Soil dumping 'not sitting well' in Cowichan Valley
Oct 03 2012
The chairman of the Cowichan Valley Regional District is pressuring the province to make "tangible progress" on issues surrounding the importation of contaminated soil into the Cowichan Valley.
The province's decision to approve the relocation of 1,450 truckloads of soil from CFB Esquimalt to the Cowichan Valley "is not sitting well with the community," said CVRD board chairman Rob Hutchins in a statement.
The soil is being delivered to a governmentapproved site adjacent to the Koksilah River and Kelvin Creek.
Hutchins and others met with Environment Minister Terry Lake last week behind closed doors to discuss the issue.
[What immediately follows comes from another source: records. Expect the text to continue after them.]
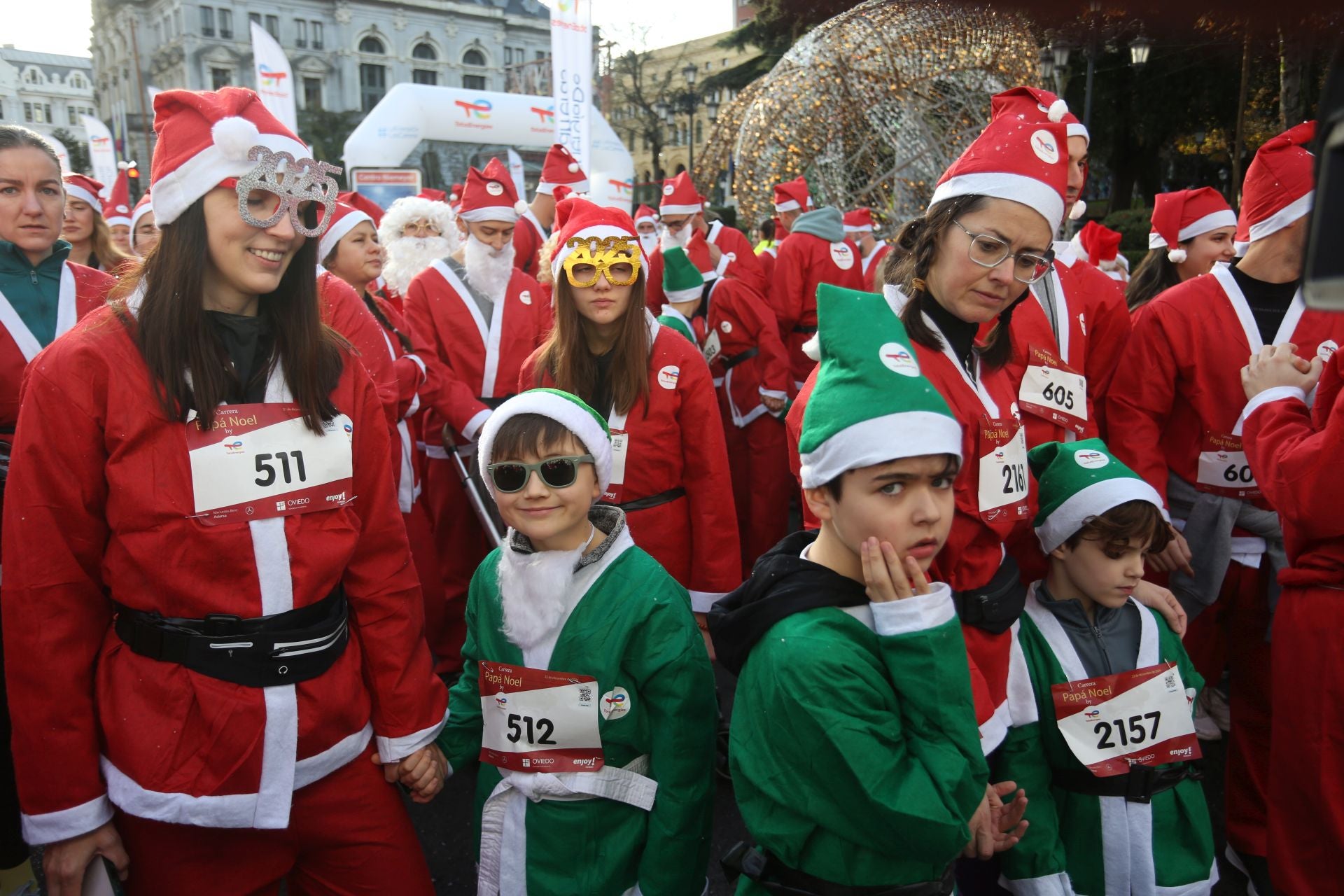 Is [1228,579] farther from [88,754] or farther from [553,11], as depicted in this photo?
[553,11]

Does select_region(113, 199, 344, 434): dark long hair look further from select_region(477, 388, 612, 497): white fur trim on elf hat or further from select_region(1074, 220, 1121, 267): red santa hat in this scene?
select_region(1074, 220, 1121, 267): red santa hat

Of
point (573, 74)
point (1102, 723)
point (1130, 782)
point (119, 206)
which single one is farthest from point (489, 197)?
point (573, 74)

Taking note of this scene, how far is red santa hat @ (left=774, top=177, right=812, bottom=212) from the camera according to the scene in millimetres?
9883

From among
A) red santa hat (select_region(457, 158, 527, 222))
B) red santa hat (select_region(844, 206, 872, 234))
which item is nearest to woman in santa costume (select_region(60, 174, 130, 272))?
red santa hat (select_region(457, 158, 527, 222))

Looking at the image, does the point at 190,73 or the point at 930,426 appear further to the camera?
the point at 190,73

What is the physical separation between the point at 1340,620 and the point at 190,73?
7447 cm

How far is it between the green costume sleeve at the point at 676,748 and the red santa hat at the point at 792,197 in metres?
8.28

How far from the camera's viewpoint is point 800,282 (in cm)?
720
It was the second meeting on the subject of contaminated soil in recent months. An earlier meeting dealt with the illegal transfer of soil into the region, a problem Lake asked staff to work on.
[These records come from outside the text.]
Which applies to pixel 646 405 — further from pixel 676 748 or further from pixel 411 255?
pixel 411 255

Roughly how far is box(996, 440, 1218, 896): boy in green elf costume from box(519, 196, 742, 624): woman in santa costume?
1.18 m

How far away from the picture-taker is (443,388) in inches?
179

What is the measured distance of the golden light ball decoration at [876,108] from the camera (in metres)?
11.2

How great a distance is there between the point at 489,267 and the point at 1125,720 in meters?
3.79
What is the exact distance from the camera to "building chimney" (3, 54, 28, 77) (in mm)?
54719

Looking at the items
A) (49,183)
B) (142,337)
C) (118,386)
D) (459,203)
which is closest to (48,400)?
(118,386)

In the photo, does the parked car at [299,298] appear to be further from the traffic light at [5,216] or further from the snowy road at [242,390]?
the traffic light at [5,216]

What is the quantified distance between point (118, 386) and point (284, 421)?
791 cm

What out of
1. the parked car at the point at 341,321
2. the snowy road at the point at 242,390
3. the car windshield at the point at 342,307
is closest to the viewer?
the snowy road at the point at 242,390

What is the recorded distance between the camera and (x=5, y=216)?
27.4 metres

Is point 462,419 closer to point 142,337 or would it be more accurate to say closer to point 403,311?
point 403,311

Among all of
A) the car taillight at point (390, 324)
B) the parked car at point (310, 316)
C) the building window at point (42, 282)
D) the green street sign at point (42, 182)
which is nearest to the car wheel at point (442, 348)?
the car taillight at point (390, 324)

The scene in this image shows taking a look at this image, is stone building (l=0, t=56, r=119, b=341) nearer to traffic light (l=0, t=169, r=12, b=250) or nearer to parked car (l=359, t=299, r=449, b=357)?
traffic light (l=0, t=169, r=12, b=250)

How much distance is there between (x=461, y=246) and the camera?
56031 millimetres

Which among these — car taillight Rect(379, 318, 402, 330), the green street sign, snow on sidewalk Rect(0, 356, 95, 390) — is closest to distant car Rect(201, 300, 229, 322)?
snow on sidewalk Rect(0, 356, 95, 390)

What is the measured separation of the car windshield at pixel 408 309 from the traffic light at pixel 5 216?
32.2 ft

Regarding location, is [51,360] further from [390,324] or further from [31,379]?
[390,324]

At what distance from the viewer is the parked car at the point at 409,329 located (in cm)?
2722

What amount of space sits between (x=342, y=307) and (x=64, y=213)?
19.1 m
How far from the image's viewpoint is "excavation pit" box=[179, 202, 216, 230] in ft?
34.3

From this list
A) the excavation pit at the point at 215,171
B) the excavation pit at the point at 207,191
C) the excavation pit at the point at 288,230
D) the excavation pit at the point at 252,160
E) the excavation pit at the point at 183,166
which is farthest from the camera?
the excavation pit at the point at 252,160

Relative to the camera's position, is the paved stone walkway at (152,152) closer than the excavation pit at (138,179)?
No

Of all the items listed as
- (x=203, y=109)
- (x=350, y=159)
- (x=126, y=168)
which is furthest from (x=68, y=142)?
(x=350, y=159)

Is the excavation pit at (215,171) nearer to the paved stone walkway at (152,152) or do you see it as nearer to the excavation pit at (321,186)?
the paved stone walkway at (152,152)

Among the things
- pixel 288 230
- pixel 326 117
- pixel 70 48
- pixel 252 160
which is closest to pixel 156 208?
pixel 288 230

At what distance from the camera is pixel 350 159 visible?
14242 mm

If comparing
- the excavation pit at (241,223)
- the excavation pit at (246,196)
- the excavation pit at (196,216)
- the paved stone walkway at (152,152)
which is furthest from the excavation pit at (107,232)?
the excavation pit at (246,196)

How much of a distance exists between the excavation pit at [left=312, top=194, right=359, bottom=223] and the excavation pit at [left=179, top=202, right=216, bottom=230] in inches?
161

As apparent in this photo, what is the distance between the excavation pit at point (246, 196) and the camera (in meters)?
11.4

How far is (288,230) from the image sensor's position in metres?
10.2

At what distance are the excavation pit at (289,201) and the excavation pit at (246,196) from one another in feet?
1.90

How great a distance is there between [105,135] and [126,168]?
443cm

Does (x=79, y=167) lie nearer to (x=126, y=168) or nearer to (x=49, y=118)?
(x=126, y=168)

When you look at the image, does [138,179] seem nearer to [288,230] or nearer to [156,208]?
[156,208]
Last week's gettogether didn't produce the progress Cowichan residents are looking for, Hutchins said.
"It is becoming increasingly important that we demonstrate to our residents that we are having some success in this collaborative approach," he said.
The soil transfer is also not sitting well with Cowichan Tribes, said Chief Harvey Alphonse. The dump site is within a few hundred metres of several individual and community wells, he said.
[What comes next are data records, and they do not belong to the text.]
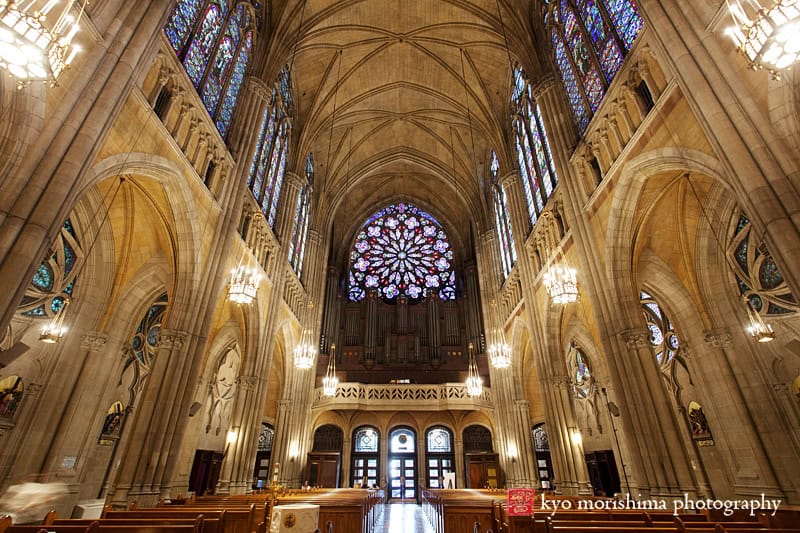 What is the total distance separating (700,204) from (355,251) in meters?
22.9

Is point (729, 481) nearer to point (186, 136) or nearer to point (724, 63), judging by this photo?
point (724, 63)

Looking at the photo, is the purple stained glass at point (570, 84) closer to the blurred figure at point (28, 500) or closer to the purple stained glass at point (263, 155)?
the purple stained glass at point (263, 155)

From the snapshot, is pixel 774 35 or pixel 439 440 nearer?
pixel 774 35

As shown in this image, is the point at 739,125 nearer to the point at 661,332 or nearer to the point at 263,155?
the point at 661,332

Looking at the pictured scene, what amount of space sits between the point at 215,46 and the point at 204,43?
19.8 inches

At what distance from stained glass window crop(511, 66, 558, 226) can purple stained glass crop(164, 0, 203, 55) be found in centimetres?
1167

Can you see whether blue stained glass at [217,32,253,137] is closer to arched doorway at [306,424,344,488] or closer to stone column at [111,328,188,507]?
stone column at [111,328,188,507]

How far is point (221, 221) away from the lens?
36.8 ft

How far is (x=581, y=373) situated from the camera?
1905 centimetres

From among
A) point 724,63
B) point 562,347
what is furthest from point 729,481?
point 724,63

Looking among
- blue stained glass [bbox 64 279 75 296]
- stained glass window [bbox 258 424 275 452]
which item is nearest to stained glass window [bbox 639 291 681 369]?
blue stained glass [bbox 64 279 75 296]

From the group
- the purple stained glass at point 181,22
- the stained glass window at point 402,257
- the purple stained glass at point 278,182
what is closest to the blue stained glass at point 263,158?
the purple stained glass at point 278,182

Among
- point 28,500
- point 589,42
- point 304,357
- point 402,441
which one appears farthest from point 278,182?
point 402,441

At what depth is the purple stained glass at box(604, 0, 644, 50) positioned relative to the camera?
Answer: 9.62 metres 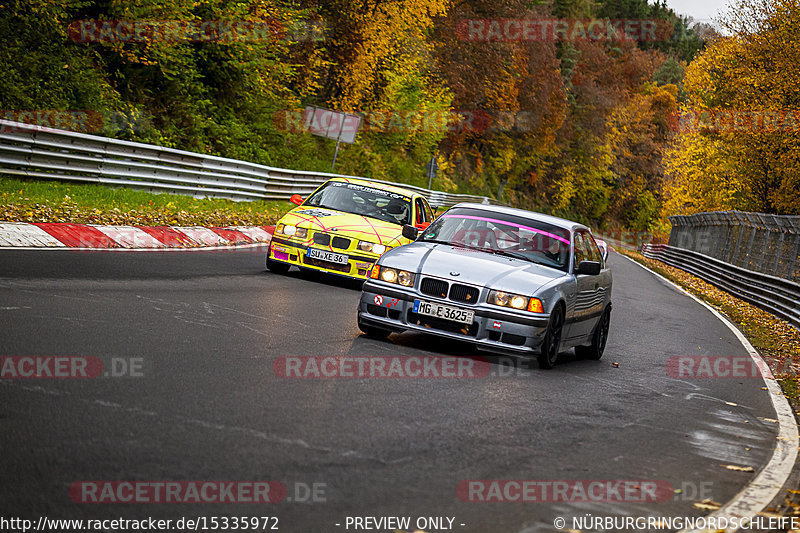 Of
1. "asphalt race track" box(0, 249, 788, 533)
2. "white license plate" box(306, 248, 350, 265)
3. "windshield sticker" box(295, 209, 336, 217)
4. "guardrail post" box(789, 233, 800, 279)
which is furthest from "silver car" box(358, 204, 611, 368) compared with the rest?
"guardrail post" box(789, 233, 800, 279)

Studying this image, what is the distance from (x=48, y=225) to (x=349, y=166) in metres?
28.9

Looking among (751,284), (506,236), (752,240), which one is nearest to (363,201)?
(506,236)

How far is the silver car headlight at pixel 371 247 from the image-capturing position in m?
14.6

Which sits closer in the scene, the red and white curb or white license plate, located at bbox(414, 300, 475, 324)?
white license plate, located at bbox(414, 300, 475, 324)

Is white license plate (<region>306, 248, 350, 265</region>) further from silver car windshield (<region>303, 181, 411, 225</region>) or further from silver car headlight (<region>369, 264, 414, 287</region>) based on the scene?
silver car headlight (<region>369, 264, 414, 287</region>)

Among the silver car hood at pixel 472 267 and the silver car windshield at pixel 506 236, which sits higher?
the silver car windshield at pixel 506 236

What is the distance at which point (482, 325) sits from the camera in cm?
945

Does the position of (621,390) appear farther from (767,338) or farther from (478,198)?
(478,198)

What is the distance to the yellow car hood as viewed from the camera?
1477 cm

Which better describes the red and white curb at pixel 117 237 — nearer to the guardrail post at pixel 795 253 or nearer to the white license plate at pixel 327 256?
the white license plate at pixel 327 256

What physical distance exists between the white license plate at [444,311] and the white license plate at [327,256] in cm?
516

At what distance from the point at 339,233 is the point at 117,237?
3498 mm

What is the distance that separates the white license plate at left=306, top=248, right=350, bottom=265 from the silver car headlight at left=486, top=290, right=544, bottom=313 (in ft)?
17.9

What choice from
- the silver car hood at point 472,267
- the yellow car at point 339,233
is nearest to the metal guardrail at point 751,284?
the yellow car at point 339,233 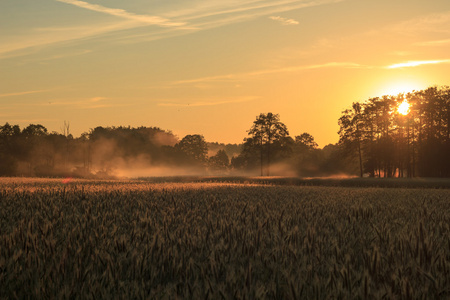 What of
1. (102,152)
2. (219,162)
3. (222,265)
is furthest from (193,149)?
(222,265)

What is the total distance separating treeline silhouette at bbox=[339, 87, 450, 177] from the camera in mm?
64125

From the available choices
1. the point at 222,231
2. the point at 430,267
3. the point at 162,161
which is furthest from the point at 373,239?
the point at 162,161

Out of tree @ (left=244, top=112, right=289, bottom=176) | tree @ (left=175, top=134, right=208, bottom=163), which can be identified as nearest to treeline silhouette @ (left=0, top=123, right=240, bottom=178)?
tree @ (left=175, top=134, right=208, bottom=163)

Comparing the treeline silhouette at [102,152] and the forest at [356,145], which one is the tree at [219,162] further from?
the forest at [356,145]

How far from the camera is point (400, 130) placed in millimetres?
68000

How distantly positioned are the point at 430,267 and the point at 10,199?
10.5m

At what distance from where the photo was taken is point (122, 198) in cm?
1252

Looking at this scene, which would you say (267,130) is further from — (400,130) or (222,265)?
(222,265)

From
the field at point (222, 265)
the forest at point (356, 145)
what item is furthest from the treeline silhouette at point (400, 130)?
the field at point (222, 265)

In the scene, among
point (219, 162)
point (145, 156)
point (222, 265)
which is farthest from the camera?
point (145, 156)

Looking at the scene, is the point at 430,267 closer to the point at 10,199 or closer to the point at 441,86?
the point at 10,199

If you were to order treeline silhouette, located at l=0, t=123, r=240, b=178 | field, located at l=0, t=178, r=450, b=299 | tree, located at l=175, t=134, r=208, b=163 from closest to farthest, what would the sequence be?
field, located at l=0, t=178, r=450, b=299
treeline silhouette, located at l=0, t=123, r=240, b=178
tree, located at l=175, t=134, r=208, b=163

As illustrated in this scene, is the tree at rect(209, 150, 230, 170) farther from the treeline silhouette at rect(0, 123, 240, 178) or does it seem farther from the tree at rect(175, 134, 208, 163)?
the tree at rect(175, 134, 208, 163)

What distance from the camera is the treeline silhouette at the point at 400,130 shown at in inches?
2525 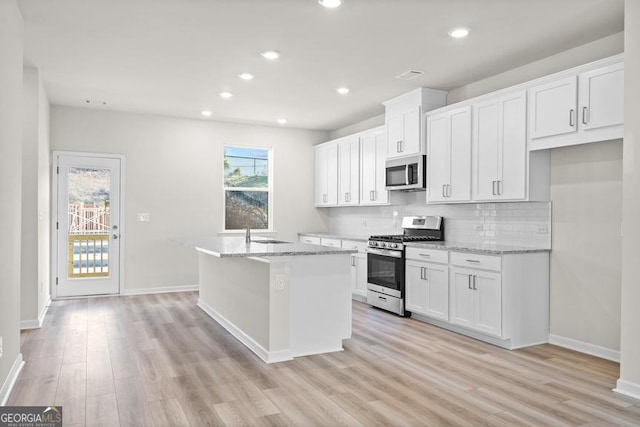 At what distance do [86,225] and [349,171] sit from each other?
395 centimetres

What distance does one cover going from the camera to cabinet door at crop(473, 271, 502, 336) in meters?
4.24

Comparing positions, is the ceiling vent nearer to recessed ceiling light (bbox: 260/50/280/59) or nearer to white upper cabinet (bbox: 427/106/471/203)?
white upper cabinet (bbox: 427/106/471/203)

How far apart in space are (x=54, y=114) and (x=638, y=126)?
22.4 feet

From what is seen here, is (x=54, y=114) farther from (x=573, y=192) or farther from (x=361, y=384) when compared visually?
(x=573, y=192)

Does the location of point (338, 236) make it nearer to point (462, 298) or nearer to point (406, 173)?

"The livelihoods of our members are intimately tied to the health of the Koksilah and Cowichan rivers," he said in the statement.
Hutchins is asking the province to investigate what toxins are in a dozen sites where contaminated soil has been illegally dumped, to carry out spot checks on trucks to determine the soil's content and destination and to monitor Shawnigan Creek for industrial pollution.
A statement from the Environment Ministry said staff would continue to work with the CVRD to follow up on commitments made earlier this year.
Lake plans to travel to see the sites first-hand.